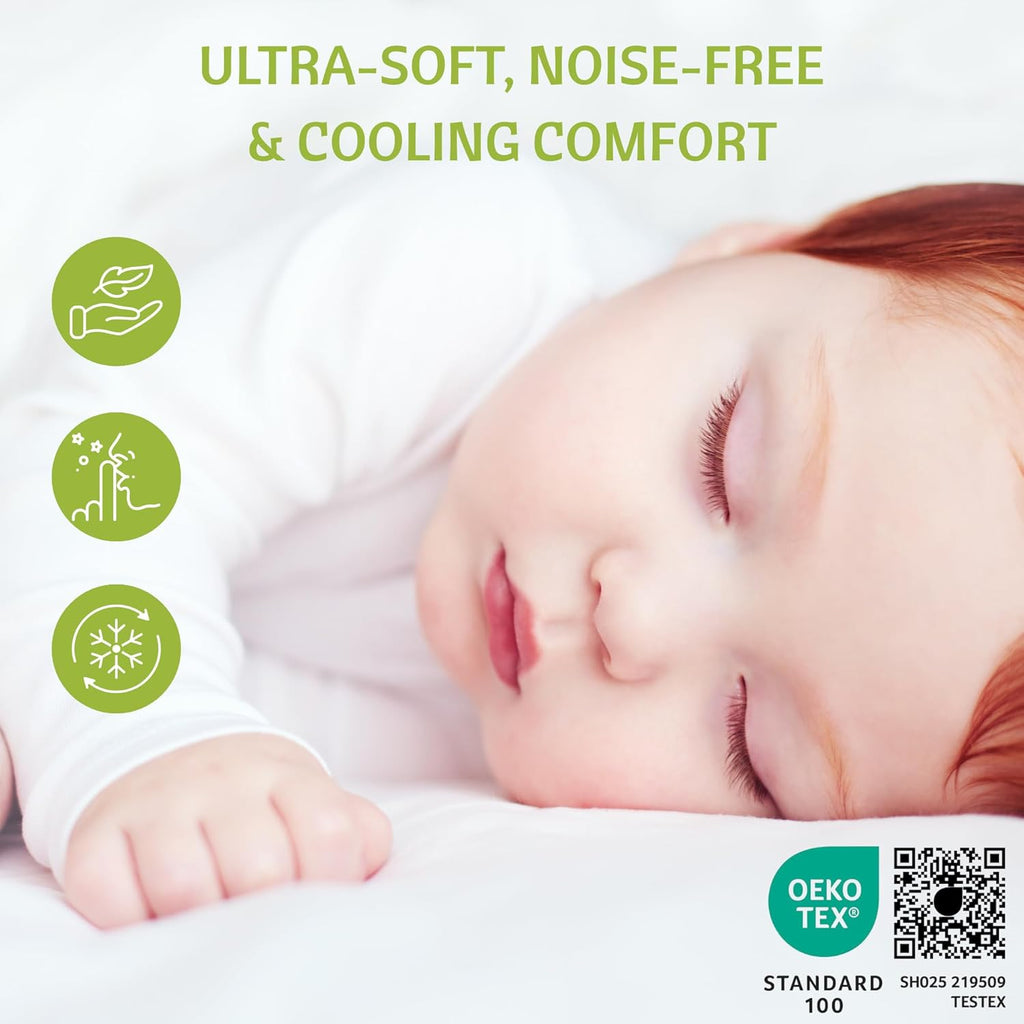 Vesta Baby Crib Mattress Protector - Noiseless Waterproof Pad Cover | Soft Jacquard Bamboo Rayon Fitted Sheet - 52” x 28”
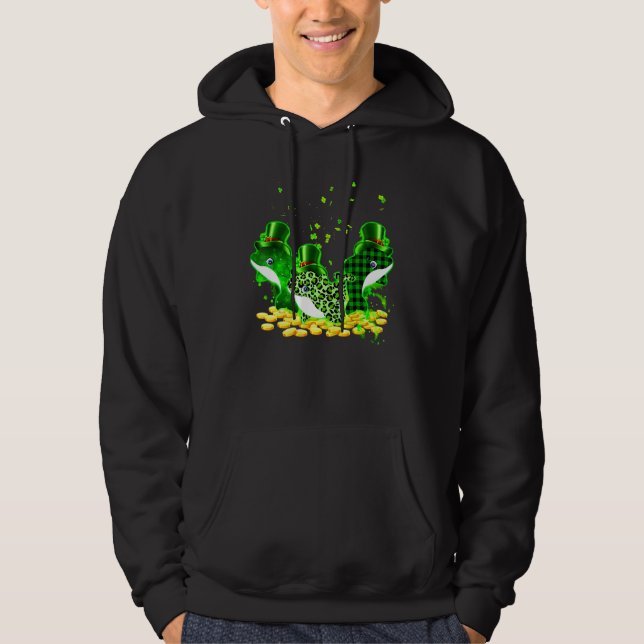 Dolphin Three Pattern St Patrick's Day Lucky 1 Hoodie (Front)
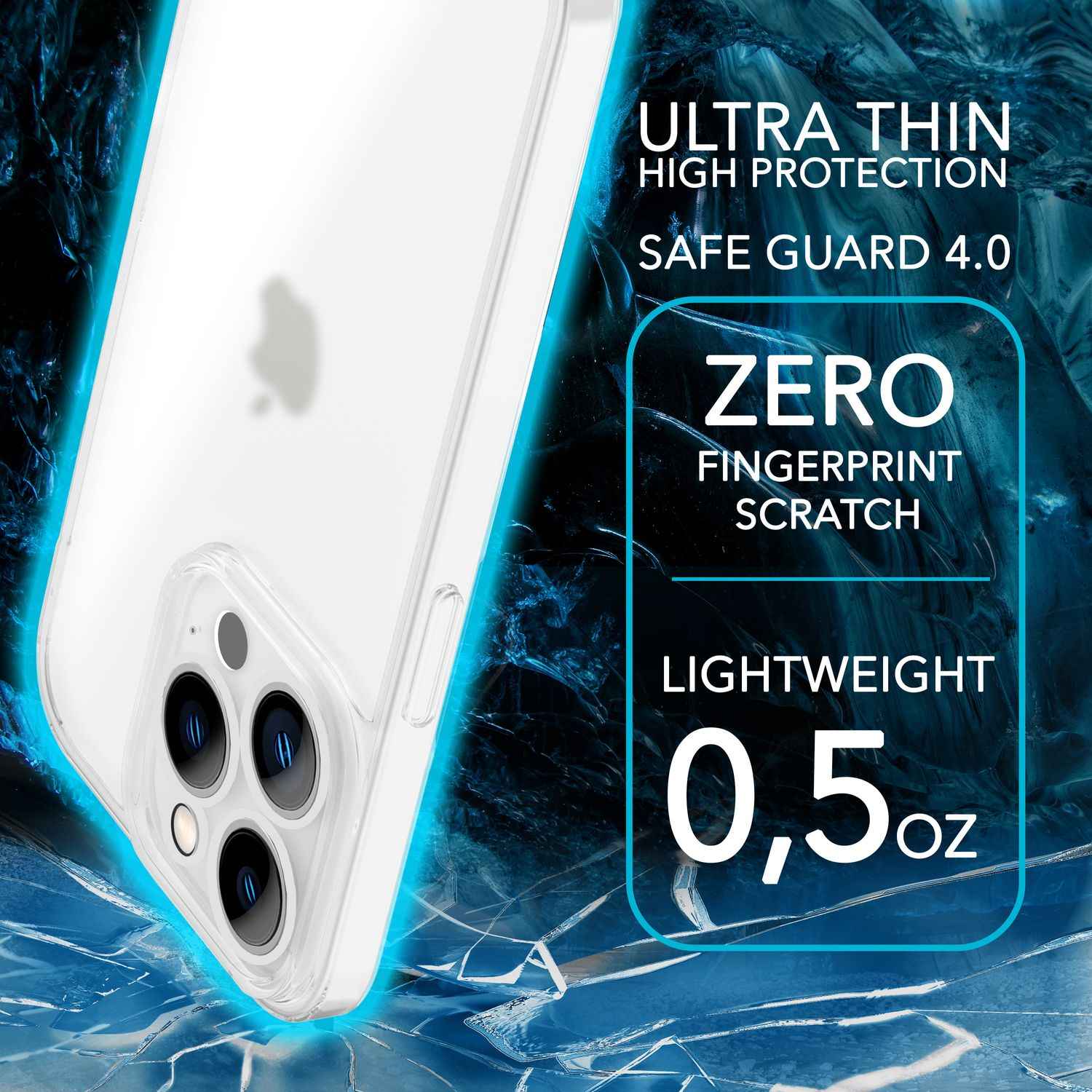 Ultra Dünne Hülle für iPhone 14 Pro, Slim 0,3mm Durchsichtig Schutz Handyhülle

Problem details> Make an exact reproduction of the listing above, without any pictures.

Answer to this problem>
 Vesta Baby Crib Mattress Protector - Noiseless Waterproof Pad Cover | Soft Jacquard Bamboo Rayon Fitted Sheet - 52” x 28”
 Dolphin Three Pattern St Patrick's Day Lucky 1 Hoodie (Front)
 Ultra Dünne Hülle für iPhone 14 Pro, Slim 0,3mm Durchsichtig Schutz Handyhülle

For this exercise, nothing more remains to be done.